January 22 - March 5, 2021

Peres Projects is pleased to present 100mph, Rebecca Ackroyd’s second solo exhibition at the gallery.


Ackroyd’s installation has brought the walls of the gallery space closer, scaffolding obscures the view through the windows, and Ackroyd’s paintings hang from these temporary, supportive structures against cloudy, translucent dust sheets. These structures make the incongruous suggestion of impermanence, in cityscapes where those frames are the urban’s most enduring symbol of continual growth and change. In 100mph we step into the building site where her works stage processes of both demolition and construct new formulations.

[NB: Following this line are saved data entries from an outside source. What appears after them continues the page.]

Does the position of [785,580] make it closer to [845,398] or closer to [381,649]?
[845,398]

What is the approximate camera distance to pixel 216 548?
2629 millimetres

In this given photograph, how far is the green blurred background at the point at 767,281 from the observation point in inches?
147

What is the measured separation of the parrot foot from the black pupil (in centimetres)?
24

Rebecca Ackroyd is interested in the twinned experiences of personal and collective memory, and how we reconcile their dissonance in our lives. The works in this exhibition deal with personal psychology, through an exploration of dreams and through strategies of compartmentalization – both tools for processing and digesting our experiences. In her second exhibition at Peres Projects, Ackroyd architecturally intervenes in the space with semitransparent, plastic dividers, creating pods that isolate both the works and the viewer. In navigating the installation, we are alone with each work, given space to experience the drawings privately. Isolation diminishes stimulation, the busyness of the street outside momentarily blurred, and allows for a more intimate encounter.

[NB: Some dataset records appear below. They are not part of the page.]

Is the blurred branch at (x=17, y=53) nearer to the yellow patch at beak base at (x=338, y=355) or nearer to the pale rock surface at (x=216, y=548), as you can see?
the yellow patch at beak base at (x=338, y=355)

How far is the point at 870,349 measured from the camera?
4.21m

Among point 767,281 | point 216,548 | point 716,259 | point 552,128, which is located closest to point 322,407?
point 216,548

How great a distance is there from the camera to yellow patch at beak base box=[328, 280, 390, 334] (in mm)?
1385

Hair tells stories. Like rings on a tree, it records our personal histories as the physical embodiment of time. Simultaneously, hair is socially charged: if and how it’s coiffed, shown or covered, worn curly or straight. Ackroyd’s works on paper are often centered around hair. It sweeps through the composition to camouflage or cradle objects, letters and other signifiers, with an agency of its own. These clues lead us through a narrative centered around contemporary experiences of femininity within urban spaces. The drawings are fragments, the whole is obscured, the body is abstracted through scale and repetition, becoming both bodily and speculative. Ackroyd’s sculptural works are also often fragmented, resembling remnants uncovered in archaeological digs. Both act as filaments connecting histories and loaded objects, populating the gallery space with discarded and forgotten attachments of the past. Through an exposed kneecap, a torn stocking, or a glimpse of talons, the works in the exhibition create a sensory reality that straddles the imagined real and symbolic, borrowing from the destabilizing surreal visual language of dreams. As viewers, we trespass into Ackroyd’s own dreams, invited to appropriate them as our own. In so doing, the works assemble a contemporary feminine perspective on sexuality, desire and the subconscious.


100mph sensitively reflects on themes of sexuality, narratives of progress, our built environments, and the subconscious mind. Setting together conflicting momentums of extended and suspended time – the mind racing, but going nowhere. An entangled mixture of social commentary and personal reflection, posited to the viewer as a circuit through the process of renovation, and the repair and wreckage that entails.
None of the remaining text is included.